TASK DESCRIPTION = Starting at the line that contains "Top 8 qu&aacute;n", retype each line to the end of the listing below. Include both ends, but not the pictures.

INPUT RECORDS =
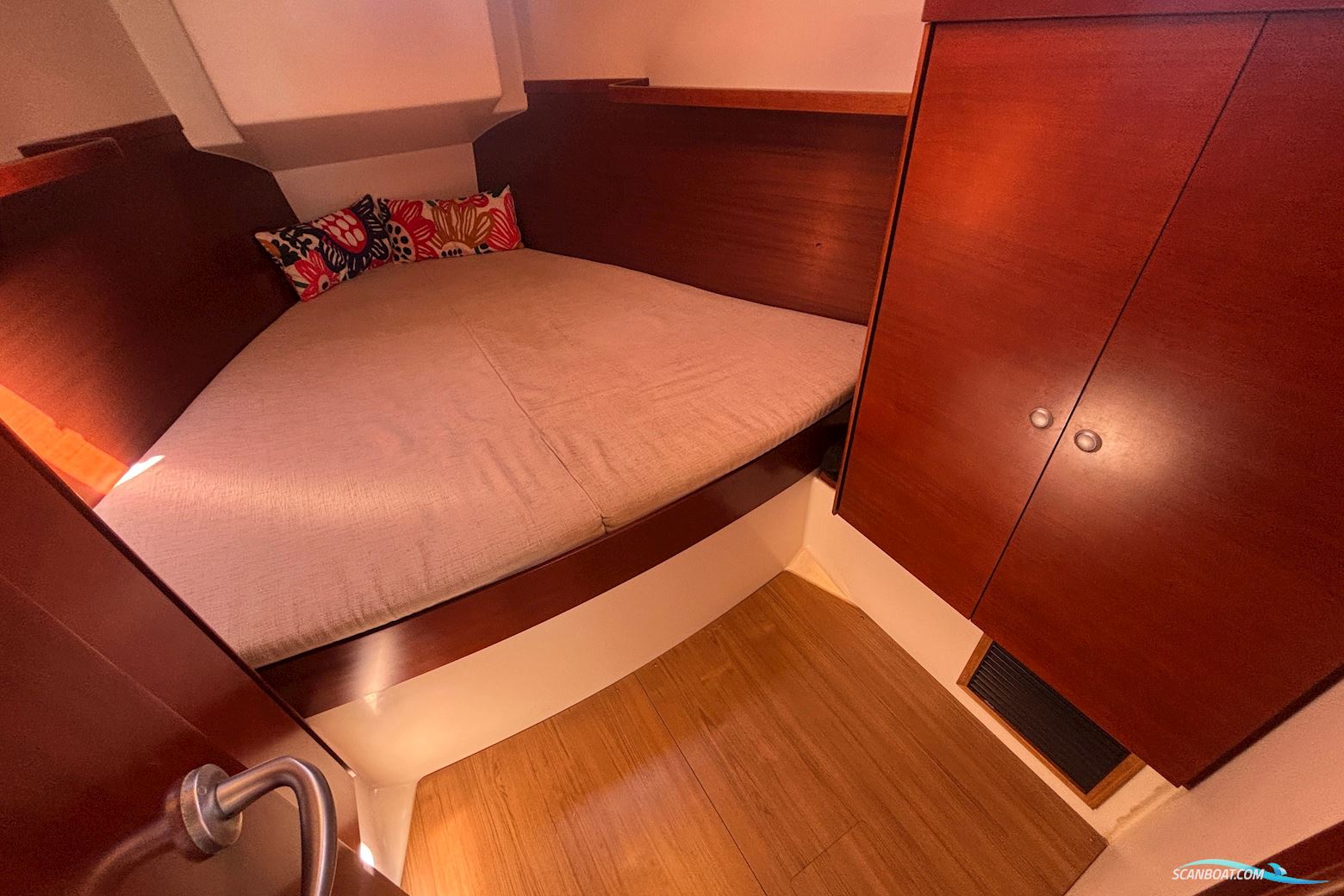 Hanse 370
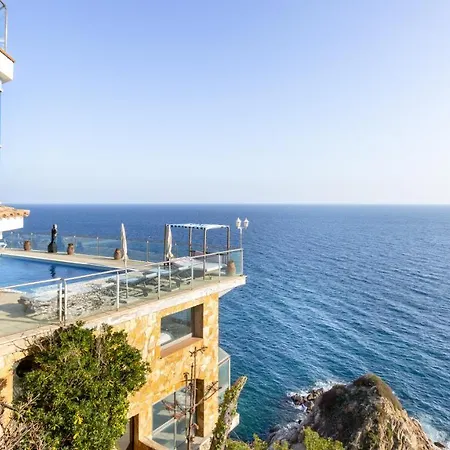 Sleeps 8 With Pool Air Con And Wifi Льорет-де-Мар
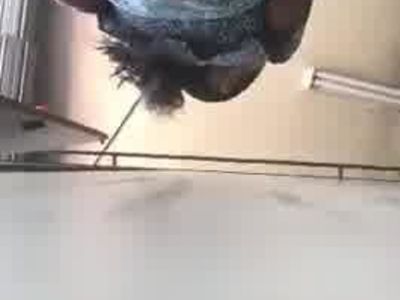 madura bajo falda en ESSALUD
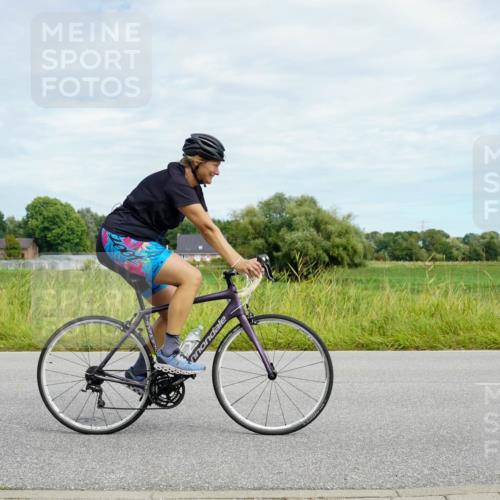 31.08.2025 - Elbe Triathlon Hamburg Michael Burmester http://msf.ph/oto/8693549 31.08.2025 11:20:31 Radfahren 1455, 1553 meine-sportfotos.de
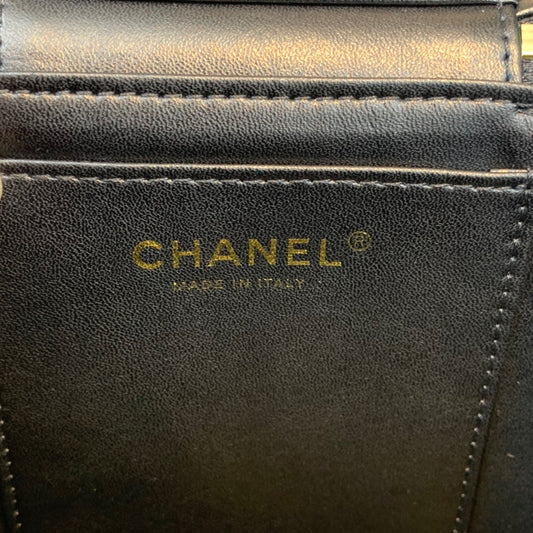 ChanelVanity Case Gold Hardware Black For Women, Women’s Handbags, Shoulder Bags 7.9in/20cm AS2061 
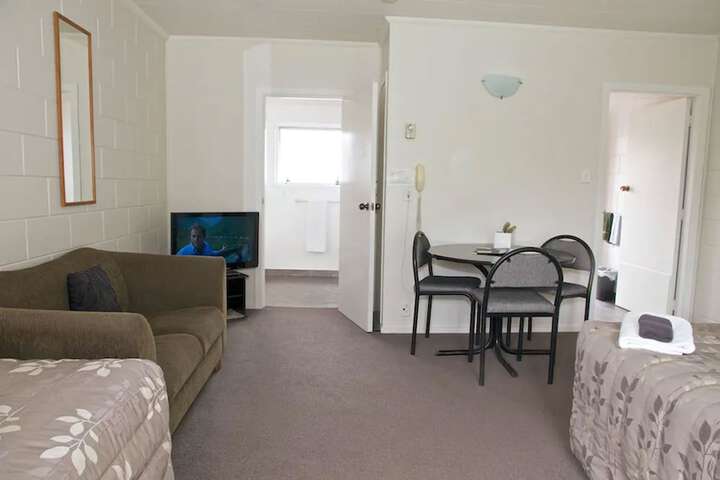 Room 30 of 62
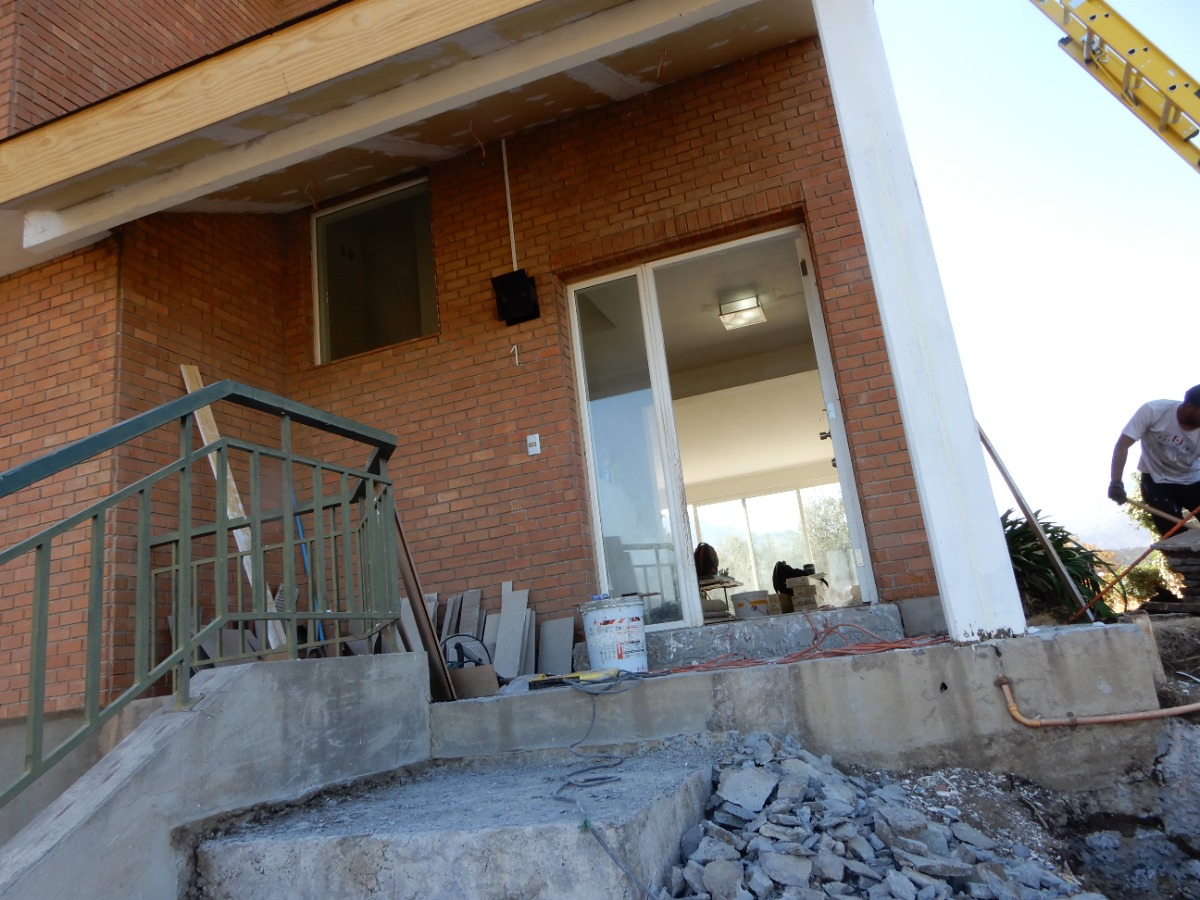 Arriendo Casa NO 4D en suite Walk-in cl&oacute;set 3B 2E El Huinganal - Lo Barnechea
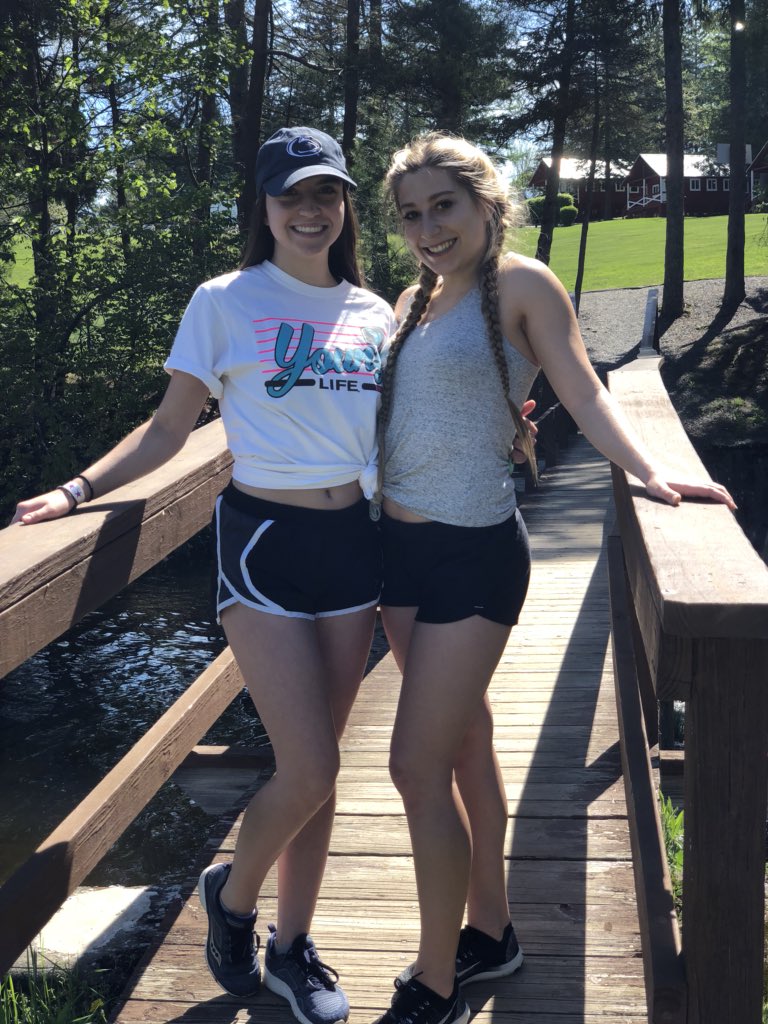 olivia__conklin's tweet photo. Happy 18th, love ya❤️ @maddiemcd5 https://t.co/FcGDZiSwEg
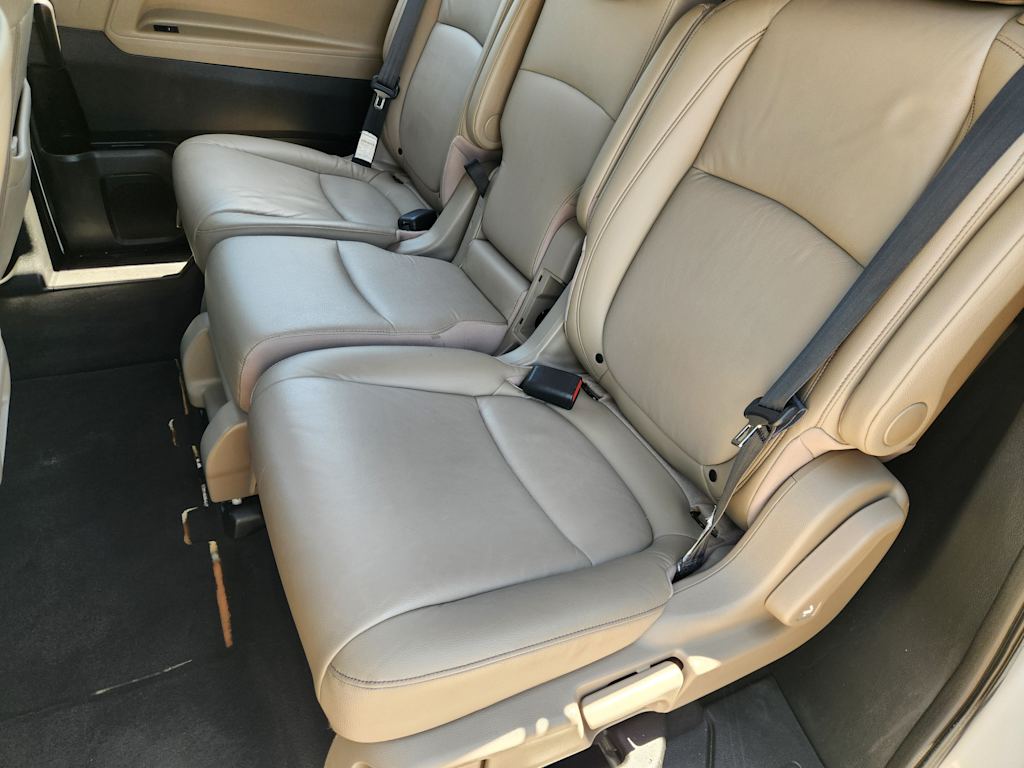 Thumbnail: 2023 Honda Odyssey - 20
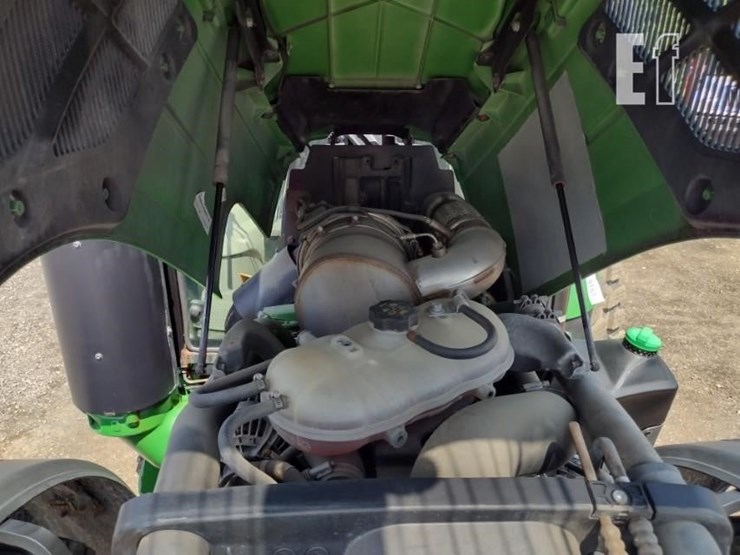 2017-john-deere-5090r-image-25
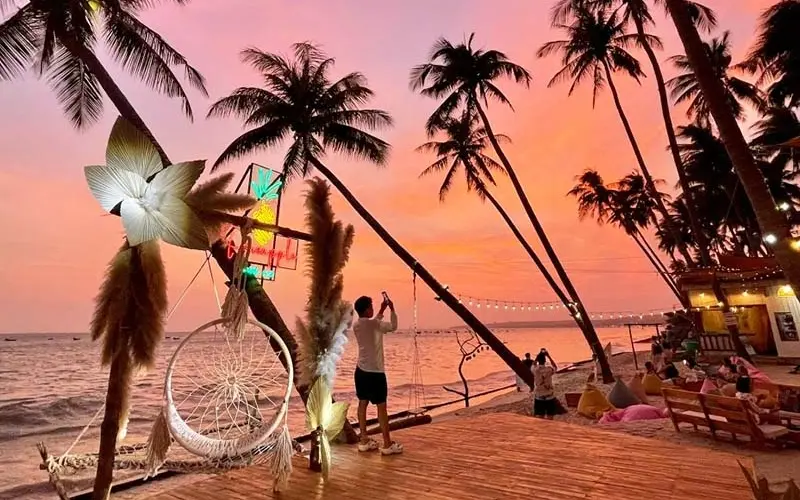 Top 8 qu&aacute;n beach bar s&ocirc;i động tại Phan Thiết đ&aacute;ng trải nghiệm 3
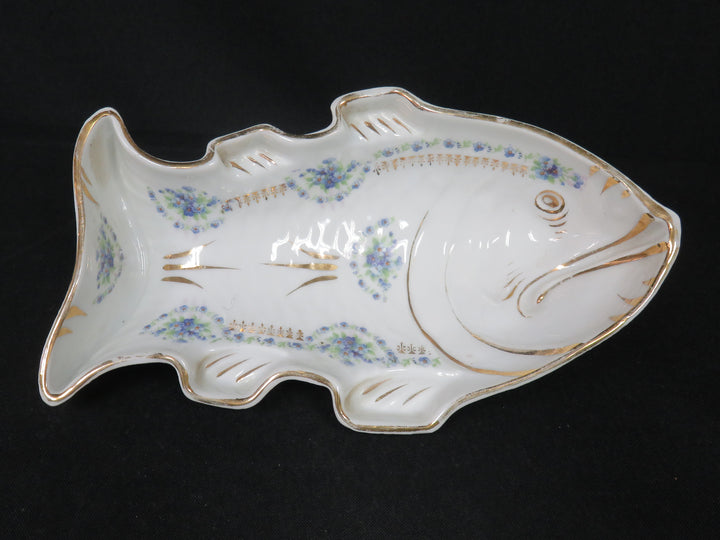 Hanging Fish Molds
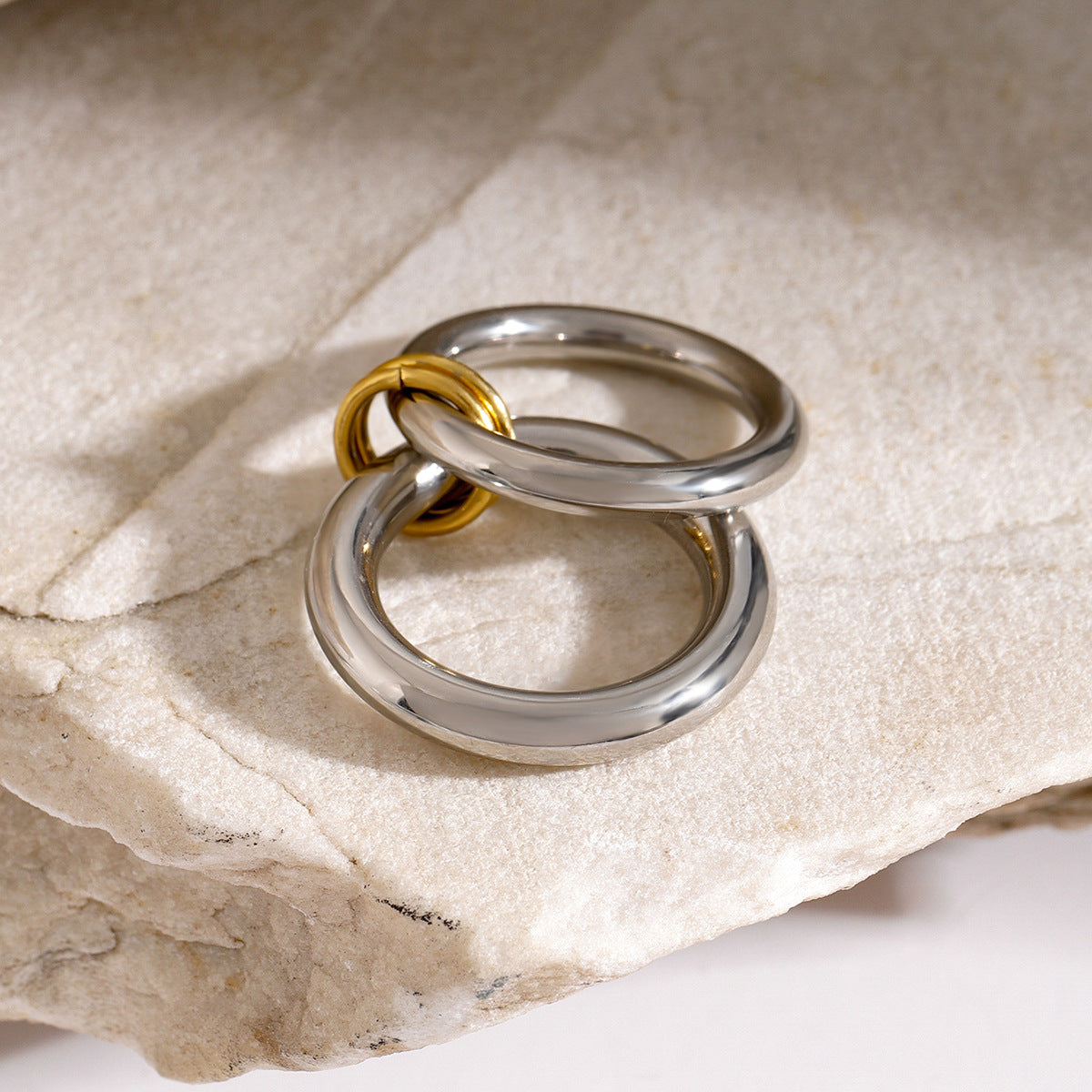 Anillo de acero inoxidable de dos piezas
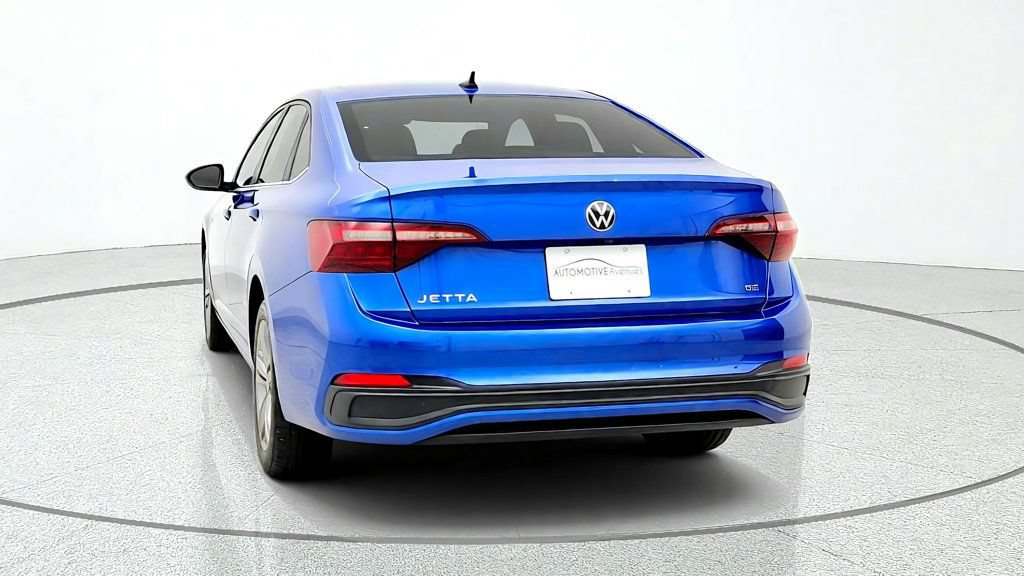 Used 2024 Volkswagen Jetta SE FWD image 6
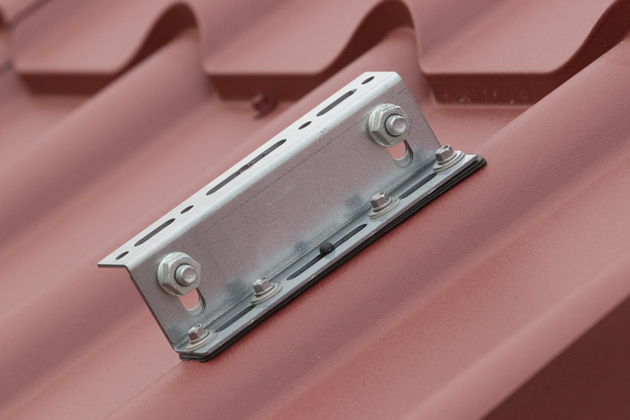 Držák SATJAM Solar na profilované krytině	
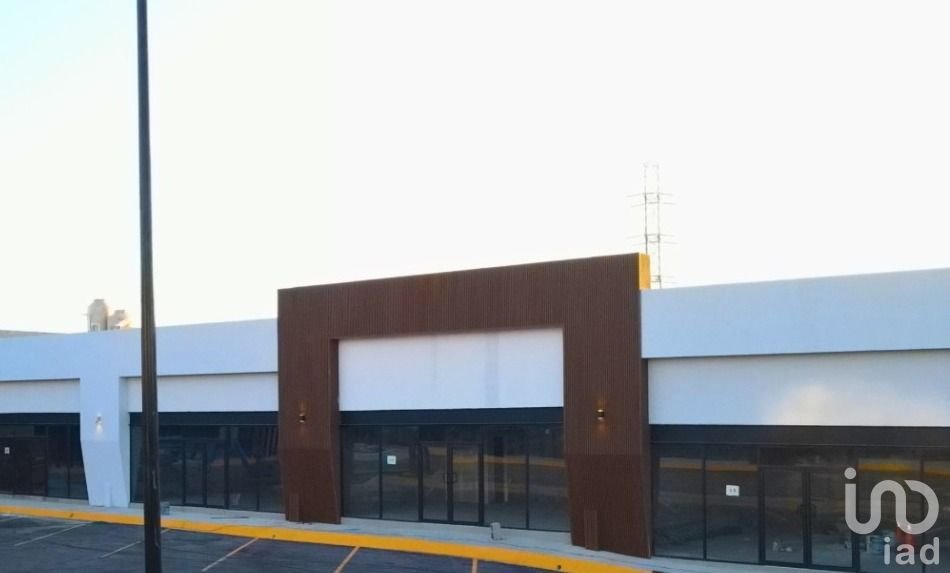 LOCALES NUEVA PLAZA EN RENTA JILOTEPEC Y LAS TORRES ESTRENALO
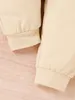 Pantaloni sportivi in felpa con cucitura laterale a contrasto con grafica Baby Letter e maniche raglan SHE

SOLUTION TO THE PROBLEM =
 Top 8 qu&aacute;n beach bar s&ocirc;i động tại Phan Thiết đ&aacute;ng trải nghiệm 3
 Hanging Fish Molds
 Anillo de acero inoxidable de dos piezas
 Used 2024 Volkswagen Jetta SE FWD image 6
 Držák SATJAM Solar na profilované krytině	
 LOCALES NUEVA PLAZA EN RENTA JILOTEPEC Y LAS TORRES ESTRENALO
 Pantaloni sportivi in felpa con cucitura laterale a contrasto con grafica Baby Letter e maniche raglan SHE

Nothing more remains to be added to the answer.